First thing I remember is wakin’ belowdecks with a splitting head. “Pressganged!” I thought, and so it were. Me and four others. In a moment we were hauled on deck and I got me first look at ’em.

The usual mix, a couple ‘o humans – mebbe a half-elf – and two half orcs. Big lads the two of em. Capn’ made the usual speech, an we were taken away to be put to work. There were two officers: Mr Plug, who were in charge ‘o discipline, and Master Lash, who were also in charge ‘o discipline. And a nasty looking pair they were.

Arrgh! Where are my notes? Oh – that’s right. They are on the character sheet, which Keegan keeps. No names or details this week. We have a human or elf sorceress, a rogue, and a half-orc fighter and barbarian. I’m healbot. A good party, actually. Light on ranged combat is the only thing.

Being pressganged is specific to recruiting in the Royal Navy, rather than being something that pirates do. Pirates Shanghai people rather than impressing them, I think, the distinction being that impressment was legal, whereas shanghaing is outright kidnapping and a very different thing.
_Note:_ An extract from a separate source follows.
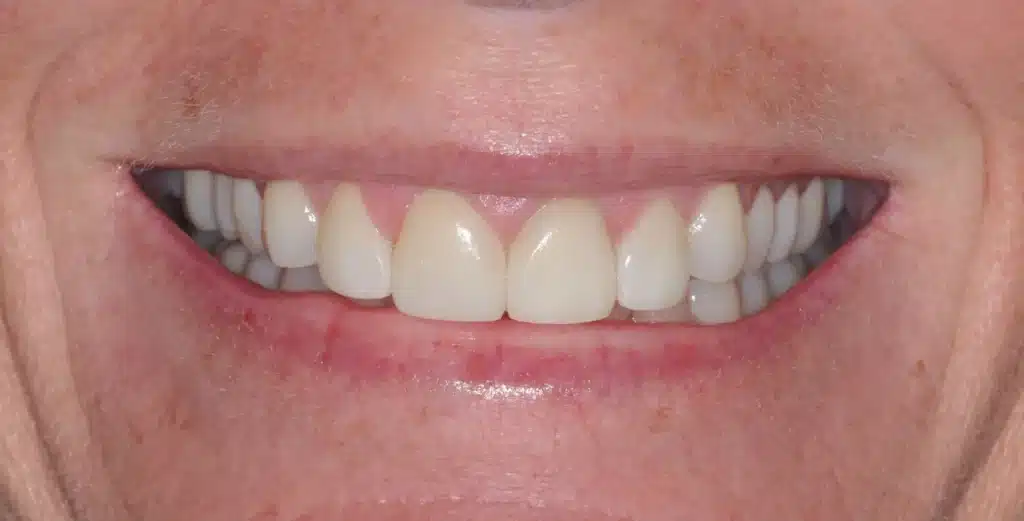 After anterior crowns: matched front teeth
Well, two of us were handy in the rigging – I’m were old for it, even then – and the lass was taken off to be cook. Meself and one of the haf orc was made swabs. But I’d been sailin a fair few years, and now I were workin for Besmara wouldn’t be long before I weren’t swabbing the deck, I thought.
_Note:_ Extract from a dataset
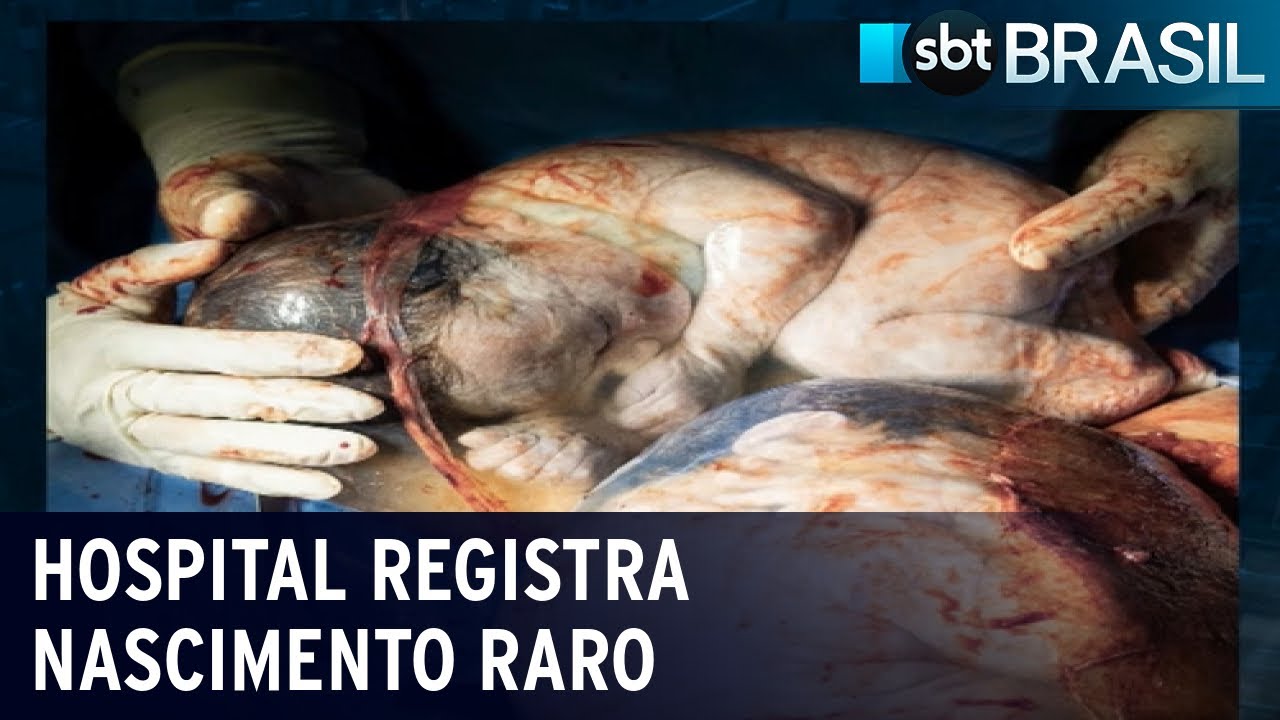 Hospital no Rio de Janeiro registra nascimento raro de gêmeos | SBT Brasil (15/11/21)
There were a priestess on board, and she took a bit of a shine to us. Good thing, I thought, as I were new to the clericing business. She gave our two half-orcs back their swords: a bloody great two-handed sword and a bloody great scimitar – a falchion. A score of new faces, of course, that we were going to have to live with for the next few months at the very least. I tried to ingratiate meself with the quartermaster, but no luck there. I decided I might just have to stick to me work.

Bob has a good charisma, but I put skill points into swimming and profession rather than social skills. I’ll fix it next level, but until then I’ll have to rely on the rest of the party diplomacising.
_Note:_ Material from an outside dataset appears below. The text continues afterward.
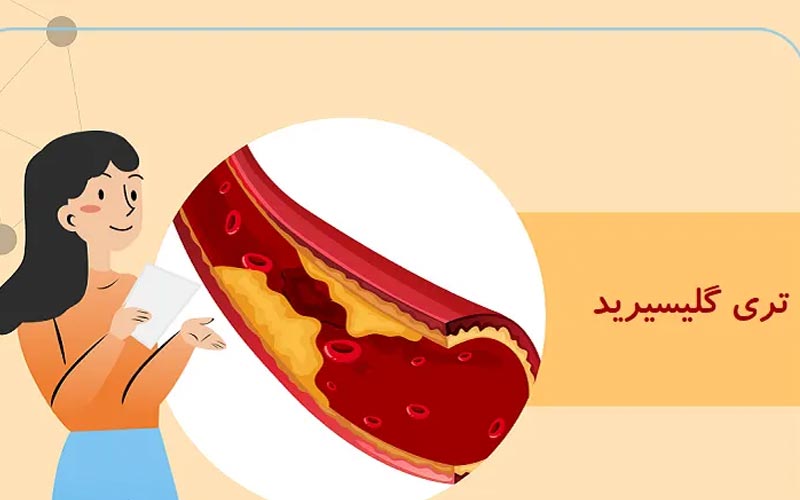 تری گلیسیرید چیست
Then came the Bloody Hour, when the floggings were done. Before dinner, o course, not after. Can’t have the men throwing up their rations. They keelhauled a man for thieving and tossed him to the sharks. I think it made an impression on the lads, which is always the point of punishment.

When our watch was over, we went belowdecks and gambled and slept. One of the lads – the sneaky type – wanted me to have a look at something for him. A bottle of holy water, it were. There’s a lad with brass, I thought, to go thieving first day after seeing a man keelhauled for it. I congratulated him on not getting caught, an told him it were sovereign against the undead of the sea and the town watch.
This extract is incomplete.